A global trade war is underway, causing significant economic and financial market disruptions. As initially announced, the U.S. imposed trade sanctions including a 10% minimum tariff rate on virtually all U.S. trading partners, combined with higher “reciprocal” tariff rates —  which were, in fact, taxes on bilateral U.S. goods deficits rather than tied to specific foreign tariff or non-trade-based rules. However, even those rates were four times higher than they should have been, given the equation specified. It appears these higher rates were designed as leverage for negotiations.

As these rates were set to apply on the evening of April 8, financial markets shuddered. The 10-year Treasury rate spiked to 4.5%, alarming investors as a bond market repricing occurred. On April 9, President Trump set a general 90-day pause on the applicable reciprocal rates (leaving in place the 10% baseline tariffs on all countries except for Canada and Mexico), subject to bilateral trade negotiations.

However, this pause also excluded China, which is now subject to a prohibitive (perhaps a virtual trade embargo) 145% tariff rate. This rate will disrupt supply chains for Chinese goods, raise prices for these items, and cause financial market repricing. Recognizing this risk, an exemption of this tariff was set on Friday of last week for computer chips and other electronic items.

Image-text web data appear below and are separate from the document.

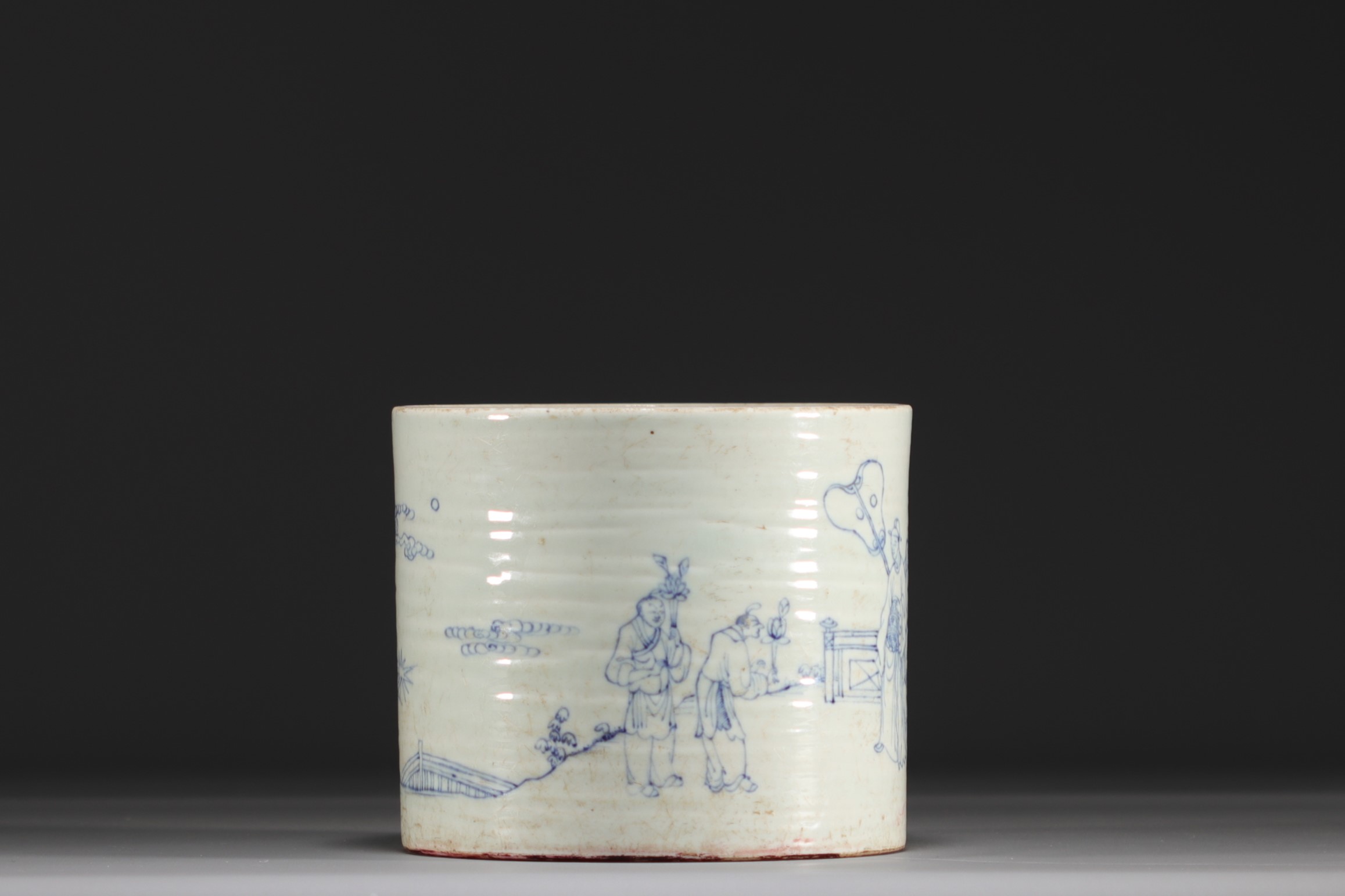 China - A blue and white porcelain brush-holder decorated with figures, Qing period. - Image 4 of 6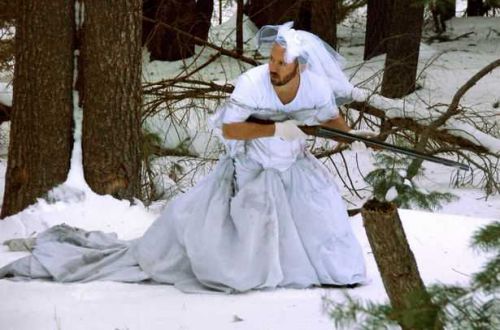 Мужчина с разбитым сердцем отыгрался на свадебном платье экс-супруги.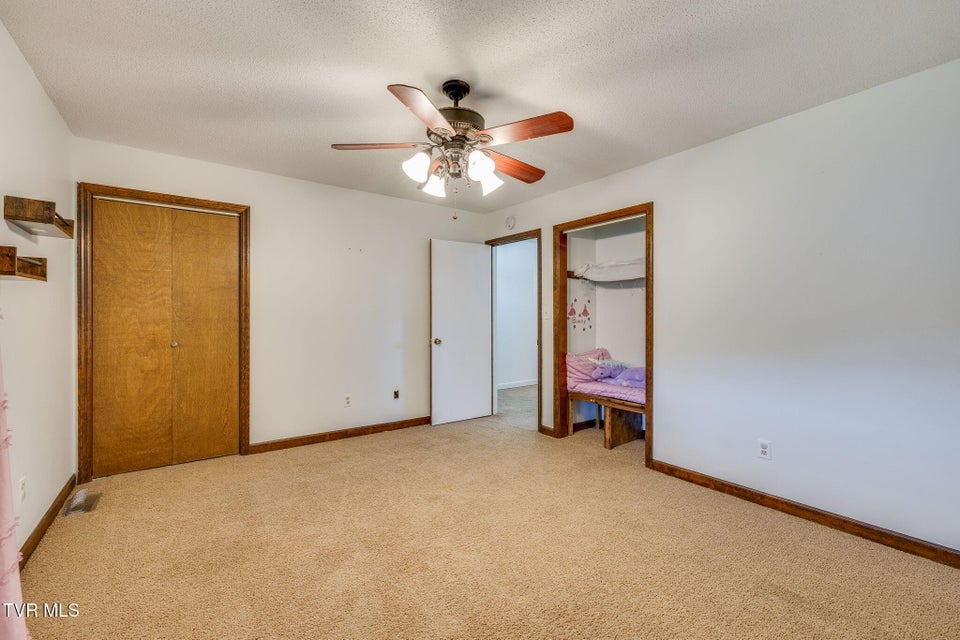 Photo #21: 2518 Lakeview Drive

For financial markets, the 10-year Treasury rate is settling at near 4.5%, as an additional risk premium for U.S. government debt is imposed by investors. The rate has also increased due to expectations for higher inflation in 2025. Separately, duties on Canadian lumber are set to rise from 14.5% to 34.5% later this year.

Treasury rates are worth watching in the weeks ahead. There remains a liquidity risk if a significant portfolio reshuffling occurs. Such liquidity risks can produce significant financial and economic distress. However, the bond market appears orderly, for the time being. The other risk for bonds, including mortgage-backed securities and mortgage interest rates, remains a political retaliation via a large-scale sale of foreign-owned debt. Such an action would spike interest rates.

Although the negotiations may yield growth opportunities for U.S. energy firms and other exporters, most forecasters are now saying a recession is more likely than not for 2025. NAHB’s forecast for GDP growth in 2025 has been revised lower to near 1%, with flat readings for several quarters as we believe negotiations and carveouts will continue. Our probability for a 2025 recession is a smaller, one-in-three chance. Nonetheless, we expect inflation to rise in the quarters ahead above a 3% annual rate and for the unemployment rate to approach 5% as a growth slowdown occurs.

While we expect distress as trade flows from China are interrupted, it is important to recall recent data that showed solid economic momentum. Inflation data surprised to the good side for March: The Consumer Price Index measure of inflation slowed to a 2.4% year-over-year rate, with shelter inflation slowing to 4%. Absent the trade war, these data would have set the Federal Reserve on pace for additional short-term interest rate cuts. And while overall producer prices fell in March, the prices for residential construction materials rose just 1.3% year over year.

And despite recent government job cuts, the economy created 228,000 jobs in March, with home builders and remodelers adding 13,000 positions. The job openings count for construction remained low, at just 242,000.

Also, NAHB Remodelers continue to report relatively good market conditions. The NAHB Westlake/Royal Remodeling Market Index declined five points in the first quarter, but fell to an otherwise positive reading of 63. NAHB is bullish on the future of the home improvement sector for a variety reasons, including an aging housing stock. New NAHB research finds that almost half of owner-occupied homes were built before 1980.